1.21 "Profits" and "Losses" shall mean, for each Fiscal Year or other period, an amount equal to the Company's taxable income or loss for such Fiscal Year or period, determined in accordance with Code Section 703(a) (for this purpose, all items of income, gain, loss or deduction required to be stated separately pursuant to Code Section 703(a)(1) shall be included in taxable income or loss), with the following adjustments:
(a) Any income of the Company that is exempt from federal income tax and not otherwise taken into account in computing Profits and Losses pursuant to this Section shall be added to such taxable income or loss;
(b) Any expenditures of the Company described in Code Section 705(a)(2)(B) or treated as Code Section 705(a)(2)(B) expenditures pursuant to Treasury Regulations Section 1.704-1(b)(2)(iv)(i), and not otherwise taken into account in computing Profits or Losses pursuant to this Section, shall be subtracted from such taxable income or loss; and
(c) Gain or loss resulting from any disposition of Company property with respect to which gain or loss is recognized for federal income tax purposes shall be computed by reference to the Gross Asset Value of the property disposed of, notwithstanding that the adjusted tax basis of such property differs from its Gross Asset Value.
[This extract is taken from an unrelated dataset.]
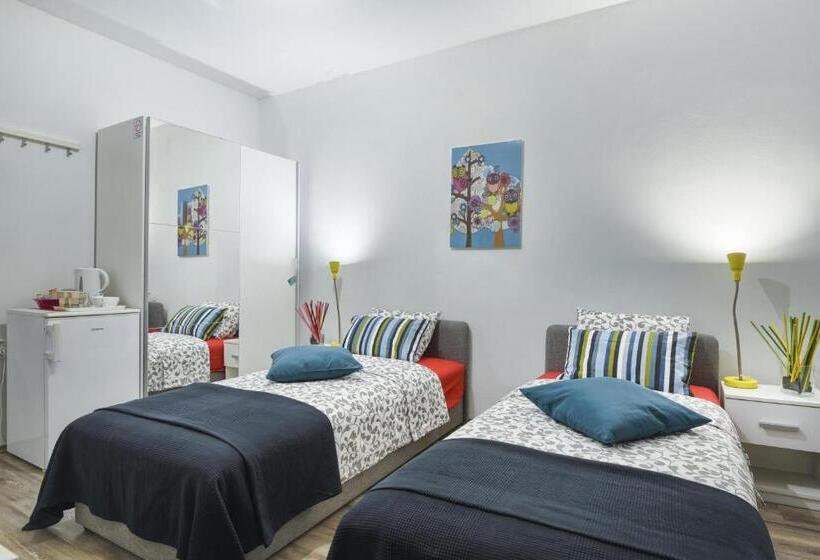 Top Center Rooms & Studio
(d) Notwithstanding any other provision of this Section, any items in the nature of income or gain or expenses or losses, which are specially allocated, shall not be taken into account in computing Profits or Losses.
1.24 "Units" shall mean units of ownership representing a Member's membership interest in the Company and all rights, benefits and privileges pertaining thereto.
ARTICLE II
ORGANIZATION OF THE COMPANY
2.1 Formation. The parties hereto hereby agree to form a limited liability company, pursuant to the provisions of the Colorado Limited Liability Company Act, codified in the Colorado Statutes, as the same may be amended from time to time (the "Act").
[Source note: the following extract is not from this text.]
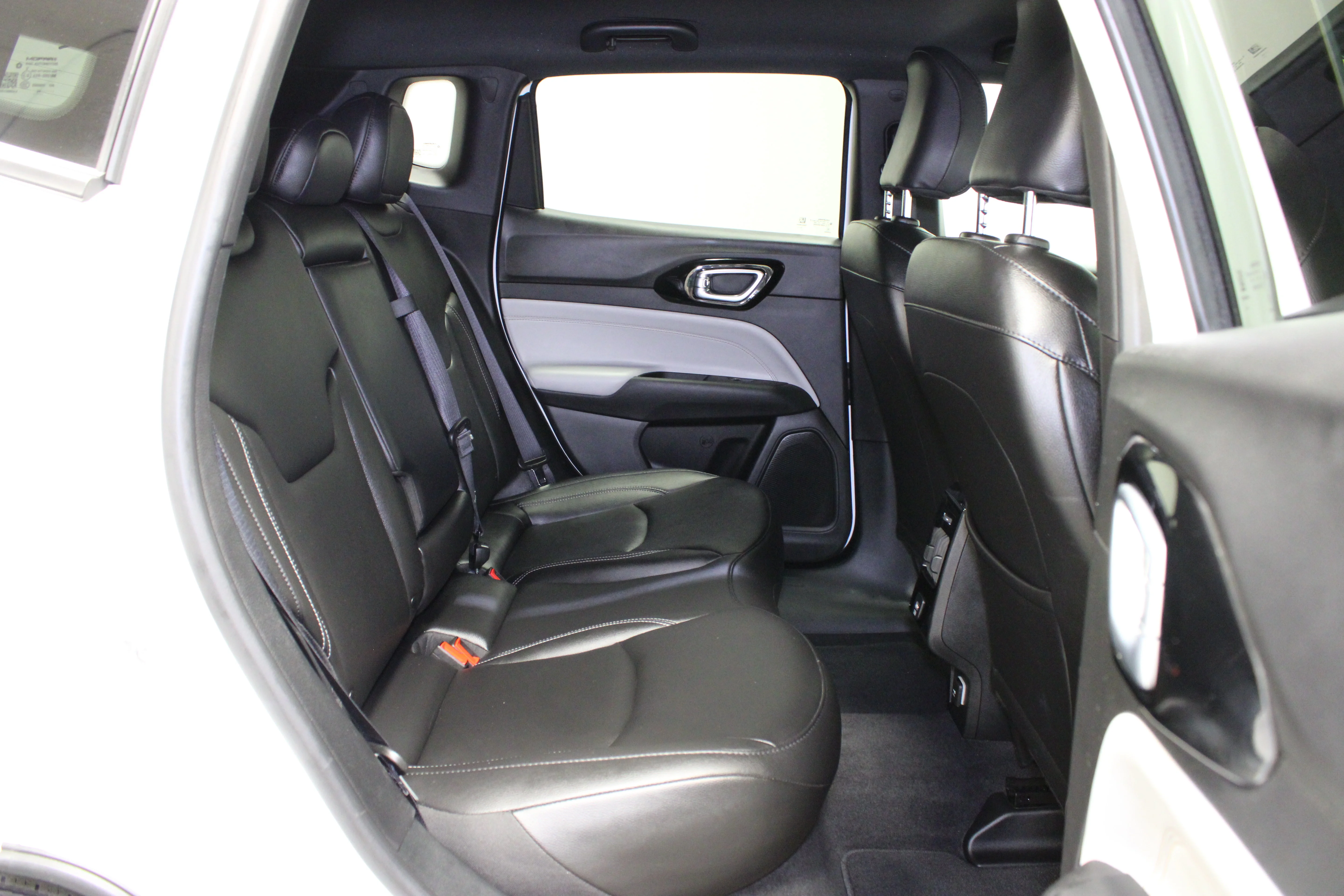 Used 2025 Bright White Clearcoat Jeep Limited image 14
2.2 Name. The name of the Company shall be "PFG FUND III, LLC," unless and until changed by the Manager, who shall promptly notify the Members of any such change.
2.3 Place of Business. The principal place of business of this Company shall be located at 00000X 00xx Xxx Xxxxx 000 Xxxxx Xxxxx, XX 00000, until changed by designation of the Manager.
2.4 Purpose. The primary purpose of this Company shall be to invest in short term loans secured by real estate to small real estate developers and real estate investors or to invest in privately held companies that make such loans.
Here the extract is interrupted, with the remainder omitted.